J'ai un bon moment balancé sur l'achat de ce recueil, entre ma pente vers la collection, les intégrales et, qui s'accentue depuis quelques années, mon hésitation à acquérir de nouveaux biens, à « consommer » : tel, je donne de plus en plus, j'y tend, dans le dépouillement. Oui, mes vieilles éditions suffiront, quitte, peut-être, à emprunter à la bibliothèque. Pour l'heure, depuis une semaine, j'ai « repris » les trois premiers titres -- voir l'apostille Trente-six : Les matins Modiano. Dix ou quinze ans sont passés depuis la dernière (ou première) lecture : sentiment étrange, c'est parfois comme si je ne les avais jamais lus, mais ils me sont néanmoins familiers, par le style si singulier certes, et aussi par une espèce de flou du souvenir qui produit un effet semblable à celui, fugace, de déjà-vu.
La Grande Table (1ère partie), France Culture du jeudi 20 juin 2013.

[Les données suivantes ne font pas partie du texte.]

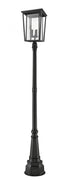 Z-Lite Seoul 3 Light Outdoor Post Mounted Fixture in Black Finish Model: 571PHXLR-564P-BK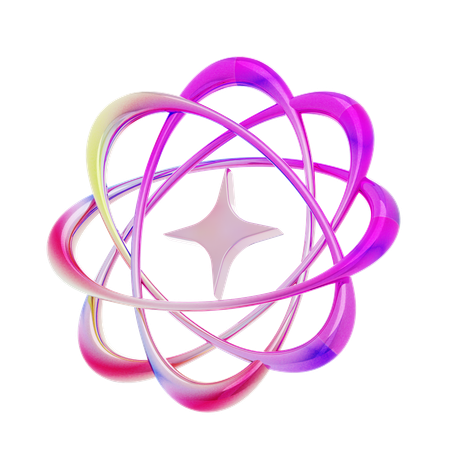 Gradient Pink Y 2 K Star With Four Oval Line Shape  3D Icon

Geneviève Brisac : « Tout le monde croît connaître Patrick Modiano : une très haute silhouette, une parole hésitante qui fait rire certains, son regard perdu dans le très lointain et le très proche, et ses livres qui (disent ses détracteurs) seraient faciles à pasticher ou (selon ses admirateurs) de la pure magie. Cela fait quarante-cinq ans qu’il est là, depuis 1968, errant dans Paris, connaissant par cœur le nom de toutes les rues, (…) et il continue son œuvre qui grandit. Il ne fait partie d’aucun cercle et contribue à aucune école. Il attache, je crois, beaucoup trop d’importance à la topographie pour s’attacher à une bande. Il est inapte. Et ses inaptitudes, on les reconnaît dans ses hésitations de voix et cette manière d’avancer toujours à tâtons, avec prudence, avec inquiétude, avec cette peur de ne pas être juste. Alors qu’est-ce qui l’occupe de livre en livre ? C’est une quête impossible (celle d’une jeune fille perdue, de son frère décédé). »Détail piquant : Les animateurs parlent, en regrettant qu'il n'aie pas été repris dans le recueil, du premier roman de Modiano, La place de l'étoile : la retranscription de leur propos, sur la page web de l'émission, est : La place de la toile. Joli contresens.